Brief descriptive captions
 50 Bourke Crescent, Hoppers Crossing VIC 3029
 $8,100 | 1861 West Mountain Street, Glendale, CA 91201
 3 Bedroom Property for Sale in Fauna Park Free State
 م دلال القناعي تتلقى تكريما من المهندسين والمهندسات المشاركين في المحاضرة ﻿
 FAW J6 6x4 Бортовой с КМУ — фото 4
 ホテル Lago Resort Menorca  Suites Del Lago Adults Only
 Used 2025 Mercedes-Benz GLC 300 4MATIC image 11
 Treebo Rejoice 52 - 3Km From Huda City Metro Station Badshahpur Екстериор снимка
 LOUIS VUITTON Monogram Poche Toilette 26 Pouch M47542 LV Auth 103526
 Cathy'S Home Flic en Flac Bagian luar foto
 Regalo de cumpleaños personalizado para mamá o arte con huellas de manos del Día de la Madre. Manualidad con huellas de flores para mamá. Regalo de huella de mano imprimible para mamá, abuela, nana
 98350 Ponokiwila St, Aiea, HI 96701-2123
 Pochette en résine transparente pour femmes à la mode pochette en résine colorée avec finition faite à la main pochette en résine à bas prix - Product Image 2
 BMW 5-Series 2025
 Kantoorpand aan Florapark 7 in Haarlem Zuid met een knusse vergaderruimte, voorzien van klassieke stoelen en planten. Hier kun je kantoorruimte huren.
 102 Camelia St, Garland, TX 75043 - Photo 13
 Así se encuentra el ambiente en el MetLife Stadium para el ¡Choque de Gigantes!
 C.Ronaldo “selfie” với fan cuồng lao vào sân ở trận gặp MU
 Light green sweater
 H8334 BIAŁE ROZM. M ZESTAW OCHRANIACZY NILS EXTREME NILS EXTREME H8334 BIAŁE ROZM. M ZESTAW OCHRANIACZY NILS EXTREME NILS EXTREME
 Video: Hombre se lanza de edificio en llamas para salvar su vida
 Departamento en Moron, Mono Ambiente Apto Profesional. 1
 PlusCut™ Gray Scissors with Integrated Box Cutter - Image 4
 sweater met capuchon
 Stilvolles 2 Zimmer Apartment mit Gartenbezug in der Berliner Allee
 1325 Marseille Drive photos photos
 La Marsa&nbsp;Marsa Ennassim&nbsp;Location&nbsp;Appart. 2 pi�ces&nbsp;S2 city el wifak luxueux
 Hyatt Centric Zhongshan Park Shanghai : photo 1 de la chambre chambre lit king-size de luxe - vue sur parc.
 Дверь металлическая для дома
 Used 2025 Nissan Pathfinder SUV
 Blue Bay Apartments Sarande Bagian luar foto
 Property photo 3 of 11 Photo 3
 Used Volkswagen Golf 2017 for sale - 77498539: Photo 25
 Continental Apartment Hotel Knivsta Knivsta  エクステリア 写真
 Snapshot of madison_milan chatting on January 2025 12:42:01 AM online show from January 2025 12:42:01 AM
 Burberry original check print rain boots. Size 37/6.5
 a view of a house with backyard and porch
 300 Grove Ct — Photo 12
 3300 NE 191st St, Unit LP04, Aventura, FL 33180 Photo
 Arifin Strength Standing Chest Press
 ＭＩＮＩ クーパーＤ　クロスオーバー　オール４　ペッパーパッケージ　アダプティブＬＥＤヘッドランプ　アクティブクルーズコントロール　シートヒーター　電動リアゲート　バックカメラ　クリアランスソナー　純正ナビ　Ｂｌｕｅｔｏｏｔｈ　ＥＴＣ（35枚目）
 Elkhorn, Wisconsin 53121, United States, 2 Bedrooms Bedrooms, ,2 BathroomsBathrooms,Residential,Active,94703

◆ Exercise instructions
The required answer is the run of lines above, starting at the line with "3 Bedroom Property" and ending at the line with "Cathy'S Home Flic en Flac Bagian luar foto", reproduced exactly with both ends.

◆ Answer below
 3 Bedroom Property for Sale in Fauna Park Free State
 م دلال القناعي تتلقى تكريما من المهندسين والمهندسات المشاركين في المحاضرة ﻿
 FAW J6 6x4 Бортовой с КМУ — фото 4
 ホテル Lago Resort Menorca  Suites Del Lago Adults Only
 Used 2025 Mercedes-Benz GLC 300 4MATIC image 11
 Treebo Rejoice 52 - 3Km From Huda City Metro Station Badshahpur Екстериор снимка
 LOUIS VUITTON Monogram Poche Toilette 26 Pouch M47542 LV Auth 103526
 Cathy'S Home Flic en Flac Bagian luar foto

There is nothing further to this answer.